→ To do
Leaving out the images, please output every entry exactly as it appears.

→ Given records

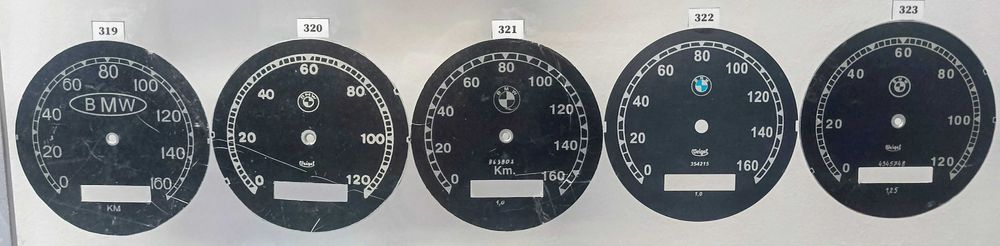 Tarcze licznika, cyferblaty M-72, BMW, DKW, NSU, IŻ-56 i inne (wybór)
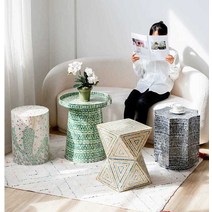 수입 오두막 테이블 거실 테이블 소파 미니 북유럽 미니협탁, H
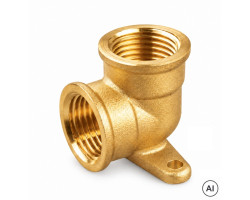 Mosadzné nástenné koleno FF 1/2" PN16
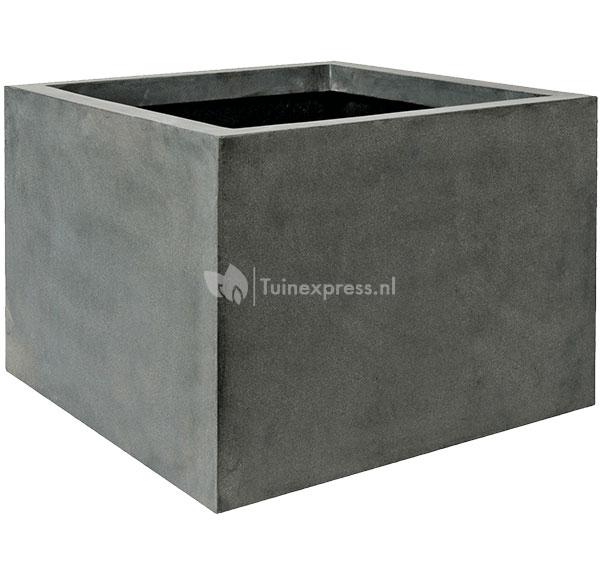 Weggooien Kwade trouw galerij Pottery Pots Jumbo 90x90x60 cm grijs vierkante plantenbak | Tuinexpress.nl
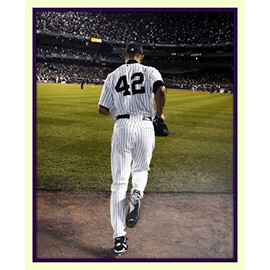 Enter Sandman Mo Mariano Rivera At NY Yankee Stadium 11x14 Double Matted 8x10 Photo Greatest Reliever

→ Exercise output
 Tarcze licznika, cyferblaty M-72, BMW, DKW, NSU, IŻ-56 i inne (wybór)
 수입 오두막 테이블 거실 테이블 소파 미니 북유럽 미니협탁, H
 Mosadzné nástenné koleno FF 1/2" PN16
 Weggooien Kwade trouw galerij Pottery Pots Jumbo 90x90x60 cm grijs vierkante plantenbak | Tuinexpress.nl
 Enter Sandman Mo Mariano Rivera At NY Yankee Stadium 11x14 Double Matted 8x10 Photo Greatest Reliever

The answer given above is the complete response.